Efficacy of vHPvSD Ablation
FPI is an excellent acute indicator of the quality of RF PVI, and it serves as a reliable surrogate for long term success rates. As such it is notable that the reported FPI rates with vHPvSD have been modest, ranging from 18-61% (Table 1). Rates of early PV reconnection during the waiting period are also disappointingly high. Both of these result in need for additional RF applications for gap elimination, thereby offsetting one potential benefit of using vHPvSD, namely reduction in procedure and RF times. This is paradoxical – if the bench data demonstrate a better lesion profile, why is this not mirrored in terms of acute clinical efficacy?

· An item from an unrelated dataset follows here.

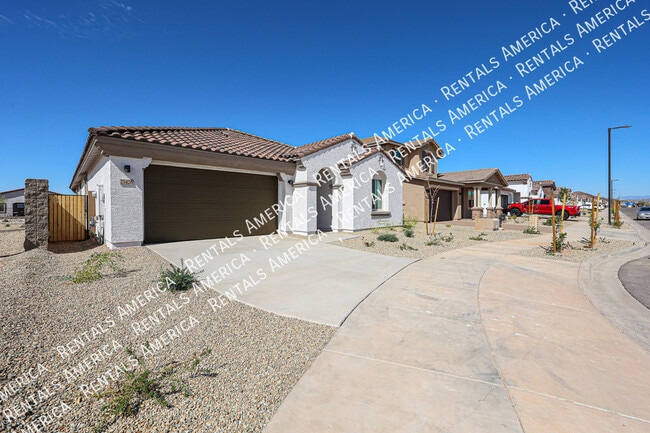 Photo - 25426 N 148th Dr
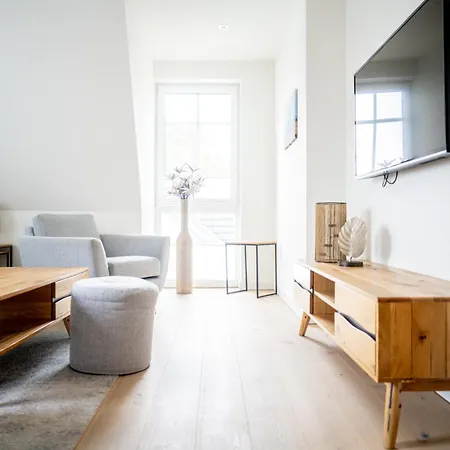 Strandhaus 16 Zingst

A few hypotheses bear consideration. Firstly, bench studies are performed under controlled conditions where stable contact for the full 4 second duration of the RF application is virtually guaranteed. This is far removed from the clinical setting, where a combination of respiratory and cardiac motion means that contact is likely to be intermittent. In fact, it can be argued that catheter stability in vHPvSD is even more critical than with sRF, because even brief loss of contact is substantial, in relative terms. For example, 2 sec loss of contact in a standard 20 sec ablation represents just 10% of the duration, whilst for vHPvSD it presents 50%. To that end, it is possible that the use of full general anaesthesia, with high frequency, low tidal volume ventilation, may improve results with vHPvSD by stabilising catheter contact. Secondly, lesion contiguity is one of the central tenets of the highly successful CLOSE protocol, which in turn relies on accurate placement of automated lesion tags (Visitags). At the moment, vHPvSD is not compatible with the CARTO Visitag software, which leads to high variability in placement of the auto-tags depending upon the phase of respiration. This can make accurate tracking of inter-tag distance extremely challenging. Upcoming software enhancements should address this issue. Thirdly, the current approach to vHPvSD utilises a uniform setting of 90W/4sec ablation throughout all areas of the ablation circle. It makes no allowance for the well-recognised differences in tissue thickness between the anterior and posterior left atrial regions, unlike the CLOSE protocol that utilises different ablation-index targets for these regions. It may be relevant that the median depth of vHPvSD lesions seen by Takigawa et al. was 2.7mm, which may not be adequate to produce transmurality across the thick left atrial appendage ridge in all patients. Some operators, including ourselves, have tried to get around this limitation by clustering lesions closer together on the anterior segments. It may be no coincidence that the one group that reported high efficacy with vHPvSD had targeted an inter-tag distance of 3-4mm on the anterior wall. Perhaps that is what may be needed for vHPvSD in place of the standard 6mm spacing that was validated on entirely different conventional RF settings.
In summary, whilst more data are needed, it looks likely that the efficacy of vHPvSD ablation may be improved by use of general anaesthesia, and by shortening the inter-tag distance, especially on the anterior segments (Figure 1).